Supplied material

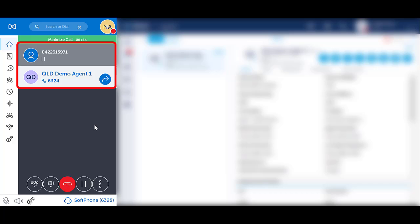Once the other party answers, speak to the other party. Notice Microlab indicates who is on hold and who you are speaking with.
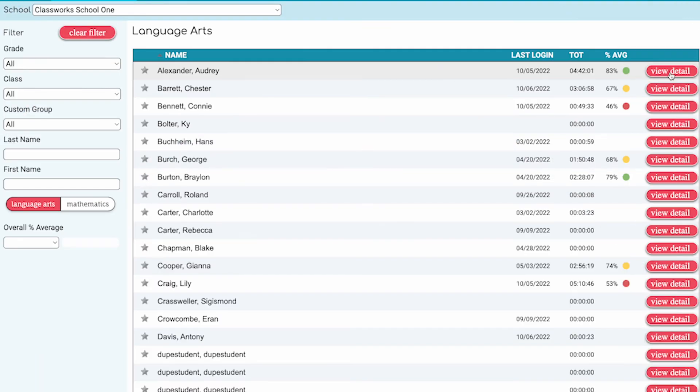Something to note: the screener is assigned at the student's actual grade level. If you feel that the student's functional level is below their actual grade level, you can adjust this in Classwork's.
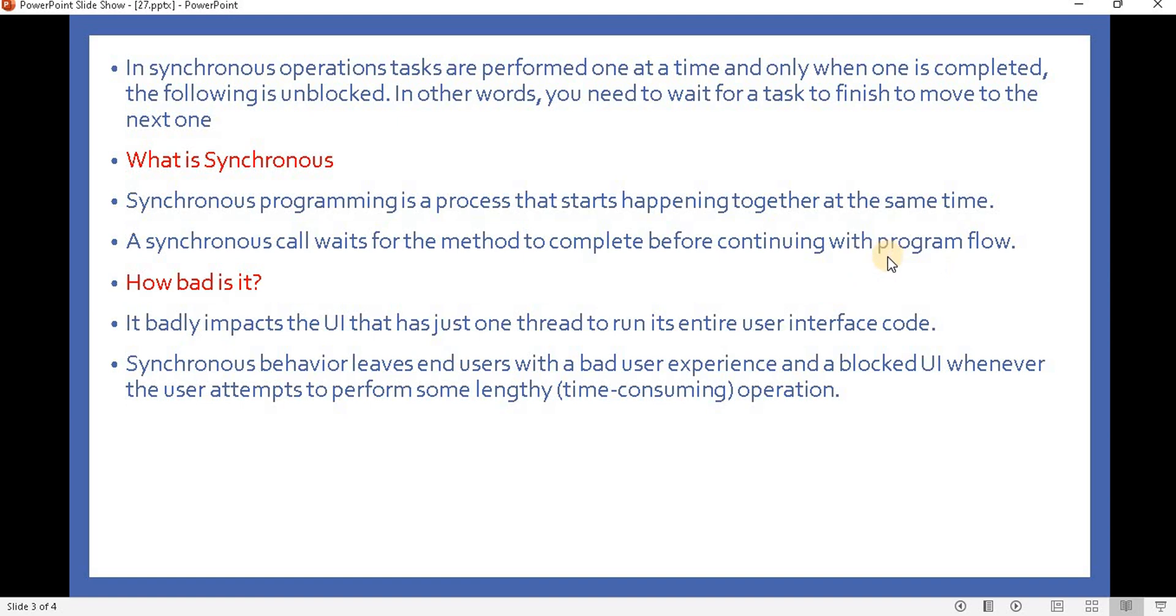So what is the problem? How bad is this synchronous programming? It's not a good practice to do programming the synchronous way. The reason is it badly impacts the UI that has just one thread to run its entire user interface code.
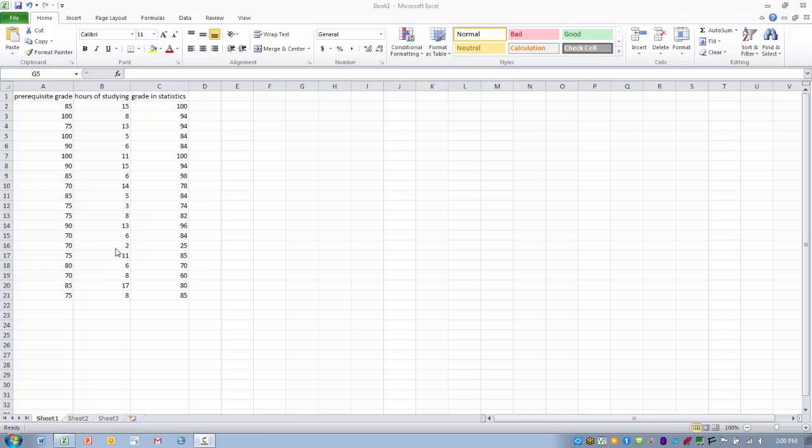What we want to try to see is if there is a relationship between these variables. And more specifically, if we can find variables that are related to grade in statistics, we might be able to then make predictions about that grade in statistics using one or more variables.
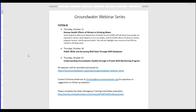Thanks again Ken, and thanks to everyone who joined us. Just a reminder — we have the next three Thursdays continuing with about 45-minute to one-hour webinars: next week, human health effects of nitrate with Sarah Yang from the Department of Health Services; then accessing well data at DNR databases; and then Kevin Massarek on private well monitoring programs. All of these are being recorded and will be posted on our website. We also have a survey from our state interagency training committee — I'll send that link out. Thanks everyone, and we'll see you next week.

What to produce
Each line from the top of the material through the line containing "What we want" should be reproduced exactly; please drop any images.

Result of the exercise
Once the other party answers, speak to the other party. Notice Microlab indicates who is on hold and who you are speaking with.
Something to note: the screener is assigned at the student's actual grade level. If you feel that the student's functional level is below their actual grade level, you can adjust this in Classwork's.
So what is the problem? How bad is this synchronous programming? It's not a good practice to do programming the synchronous way. The reason is it badly impacts the UI that has just one thread to run its entire user interface code.
What we want to try to see is if there is a relationship between these variables. And more specifically, if we can find variables that are related to grade in statistics, we might be able to then make predictions about that grade in statistics using one or more variables.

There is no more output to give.